- Provided data:

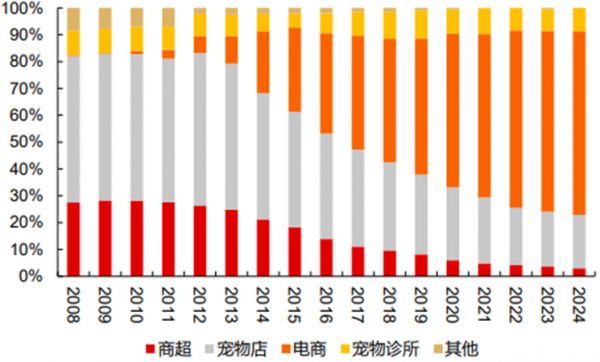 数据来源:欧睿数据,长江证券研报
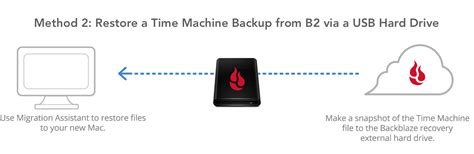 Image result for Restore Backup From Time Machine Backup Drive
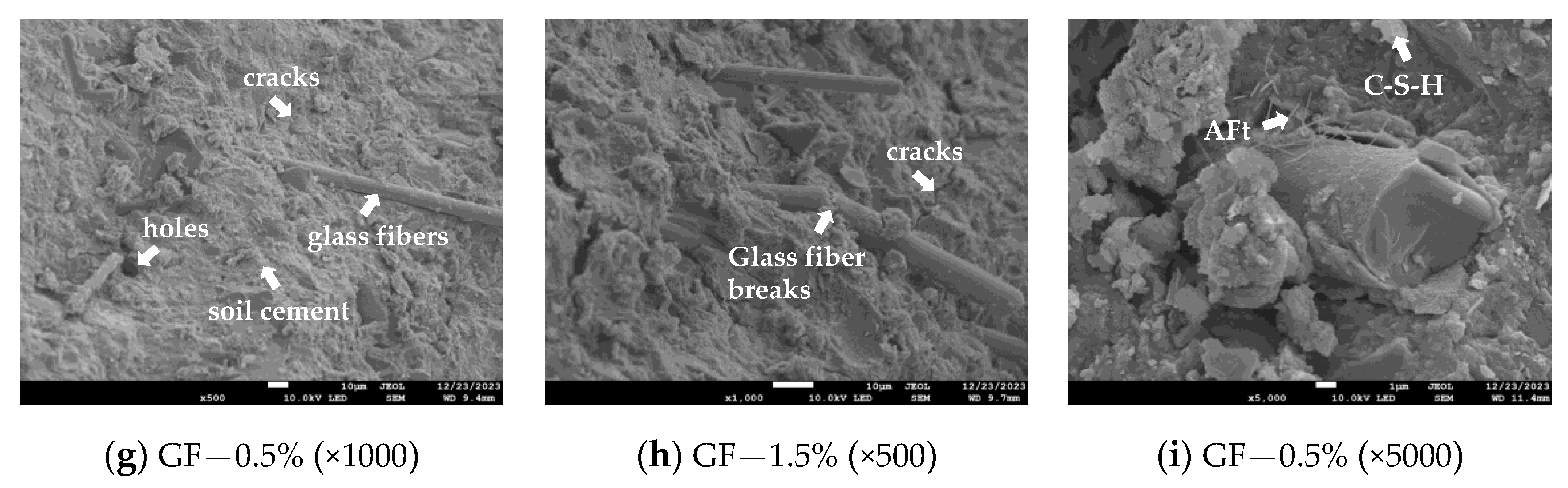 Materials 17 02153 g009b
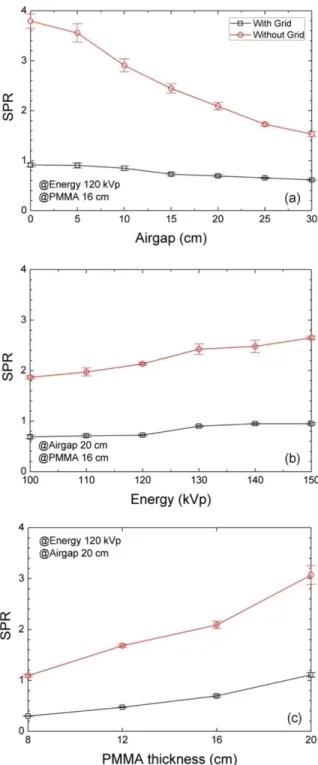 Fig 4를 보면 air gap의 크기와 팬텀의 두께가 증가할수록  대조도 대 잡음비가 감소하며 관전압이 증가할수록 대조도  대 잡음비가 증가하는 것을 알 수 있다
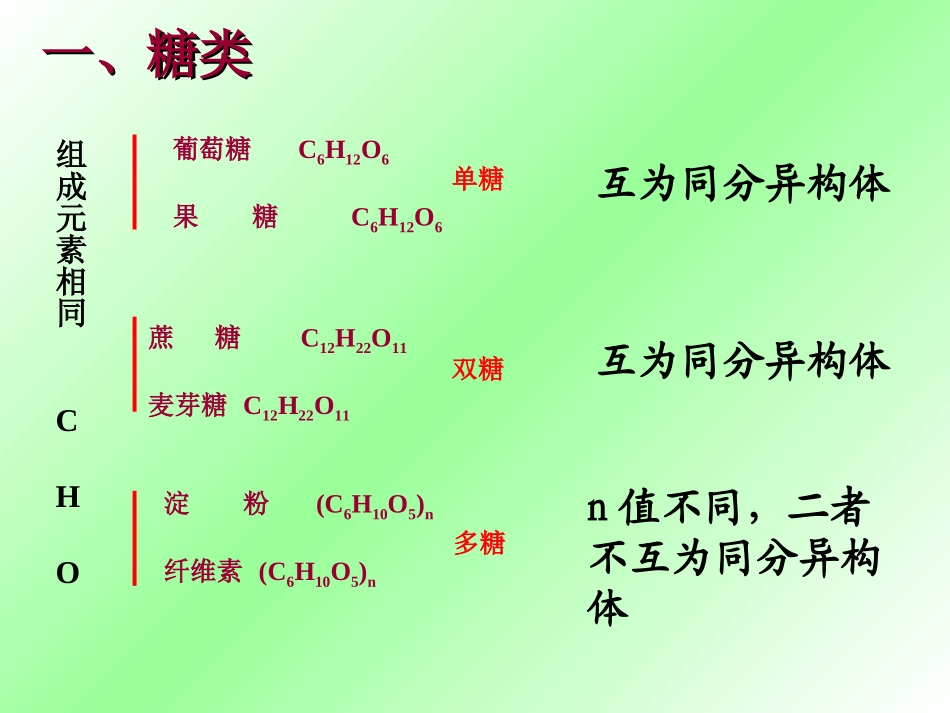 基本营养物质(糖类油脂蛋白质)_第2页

- Problem statement: Exactly the lines from the line with "Fig 4를 보면 air" through the last line of the listing, both included, should be extracted, and the pictures left behind.

- Task solution:
 Fig 4를 보면 air gap의 크기와 팬텀의 두께가 증가할수록  대조도 대 잡음비가 감소하며 관전압이 증가할수록 대조도  대 잡음비가 증가하는 것을 알 수 있다
 基本营养物质(糖类油脂蛋白质)_第2页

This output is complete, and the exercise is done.